With the (somewhat) recent changes to how jax handles custom VJPs, it is now possible to define derivatives using the function for which we are defining the derivative. Since the VJP for the fixed point can be computed by solving for another fixed point, a recursive implementation would allow higher order differentiation with little to no extra complexity.

[pierrelux]

There might be a conceptual issue with the introduction of the "solvers" argument in #26.

https://github.com/gehring/fax/blob/9701c79b64830dbc3c8b250a77394dfdc8ab6bca/fax/implicit/twophase.py#L134-L152

It looks like the only role played by potential custom "backward" is to solve the associated adjoint fixed-point equation using a potentially different successive approximation method. My previous understanding of this feature is that it would let you specify any solver for $\bar{x} (I - D_x f(x^\star, \theta))^{-1}$ for some arbitrary adjoint vector, irrespectively from the particular underlying algorithm (CG, GMRES).

[gehring]

As far as two_phase_solve is concerned, you are always solving fixed-point problems regardless of forwards/backwards/other. It formulates reverse differentiation as a fixed-point problem and recursively calls itself with one fewer solver. The solvers should return a fixed-point of whatever function it is given. You could give it a solver based on CG or GMRES if you wanted. I'm not quite sure I understand the issue you are trying to raise.

[pierrelux]

From the perspective of Christianson and the view where two_phase_solve is a FP thing only, then yes I think that imposing that the backward solver operates on the backward FP problem makes sense. However, we can also think of not imposing to solve for the backward problem as a FP problem.
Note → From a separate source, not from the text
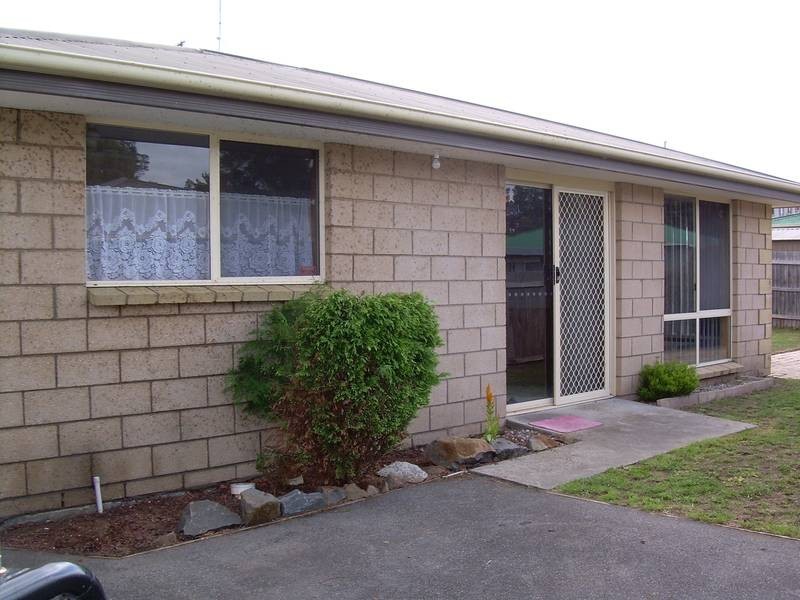 2/45 Parklands Parade, Newnham TAS 7248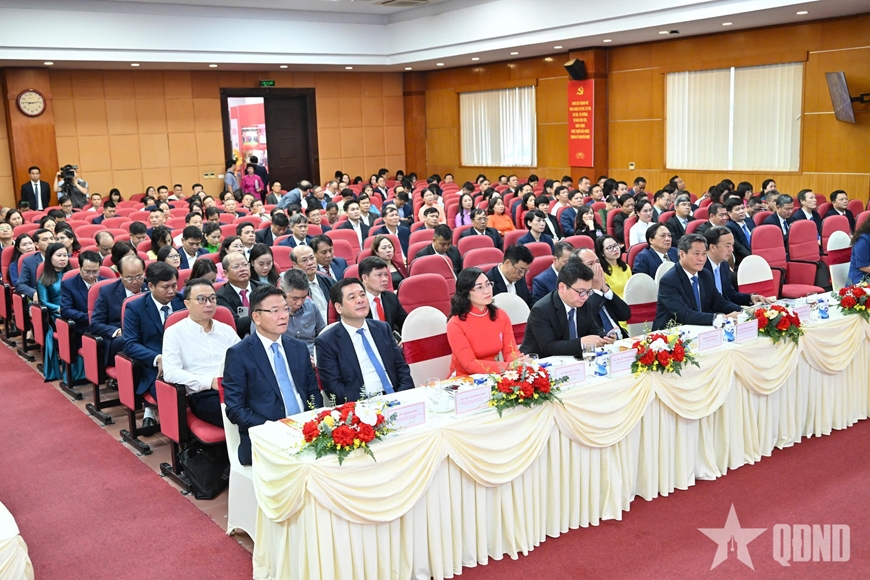 Phó thủ tướng Lê Thành Long dự Đại hội thi đua yêu nước ngành Công Thương lần thứ IV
At the high level, you have a linear operator fp_vjp_fn and you want to find a dout such that fp_vjp_fn(dout) = dvalue. You can view that as a FP problem if you want, but this is also just a linear system of equations with the linear operator fp_vjp_fn and "right hand side" equals to `dvalue'.

[gehring]

I think I understand what you want. I don't know if I want to change the whole "differentiate a fixed-point by solving a fixed-point" paradigm of Christianson's two-phase method. Although far from elegant, you can still bake in your parametric function into your backwards solver and ignore the function that is passed while still using the other arguments provided (e.g., solved fixed-point, parameters, cotangent). It's awkward but the solvers argument still lets you exploit linearity.
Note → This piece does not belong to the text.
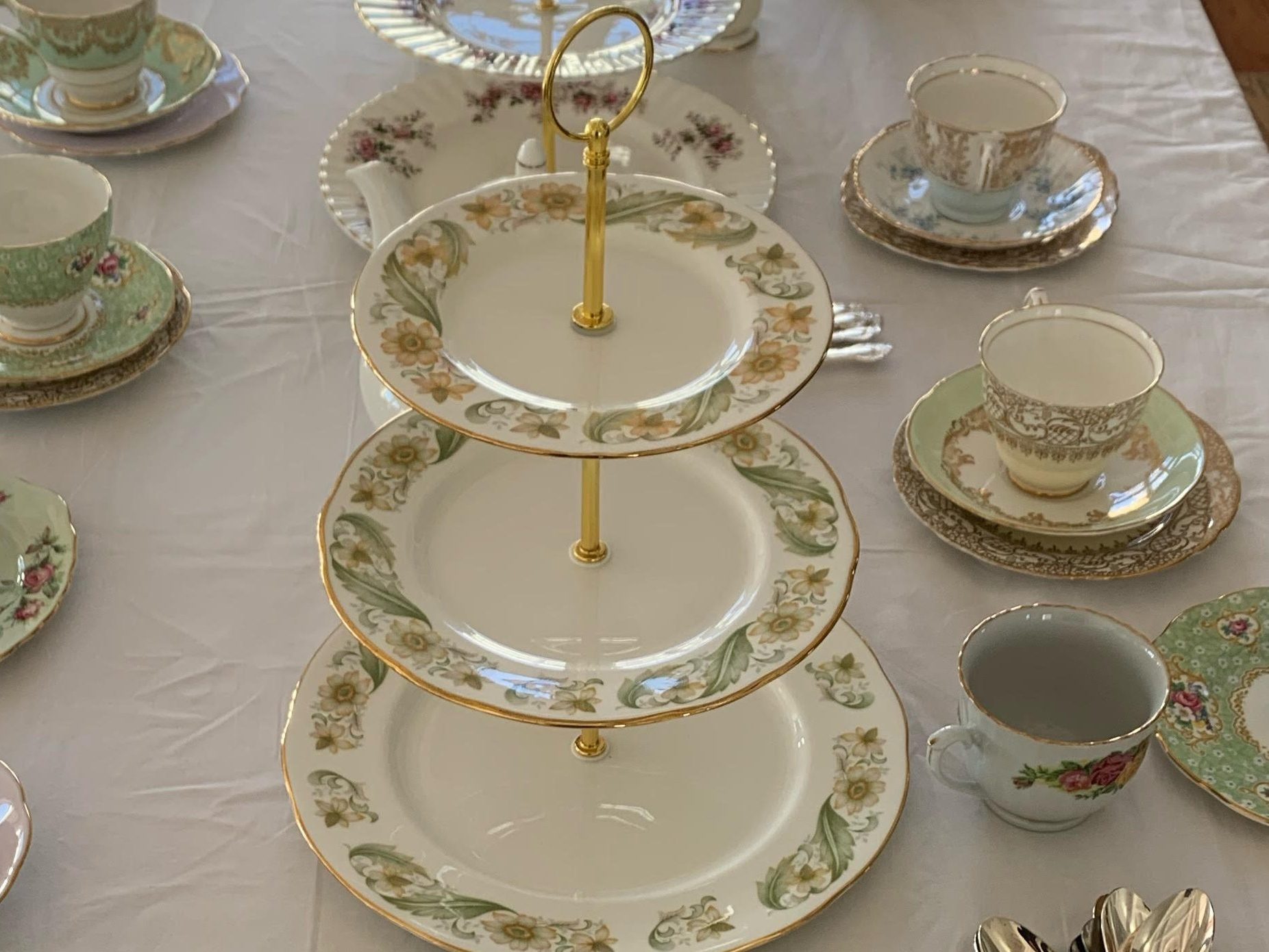 cake stand for high tea hire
However, I definitely agree that limiting our implicit methods to fixed-point problems is inconvenient if not outright limiting. To address this, I will be implementing a proper implicit differentiation backend which will be built around root finding. Once that's done, I'll refactor two_phase_solve to use the root finding backend and we can revisit the solvers argument. I'm also contemplating just deprecating two_phase_solve entirely in favor of more descriptive and explicit names, e.g., root_solve, fixed_point_solve. That would also address the issue of possibly misleading users by referencing Christianson's method but actually solving derivatives using a root finding formulation which I can't guarantee will be identical once XLA does its thing.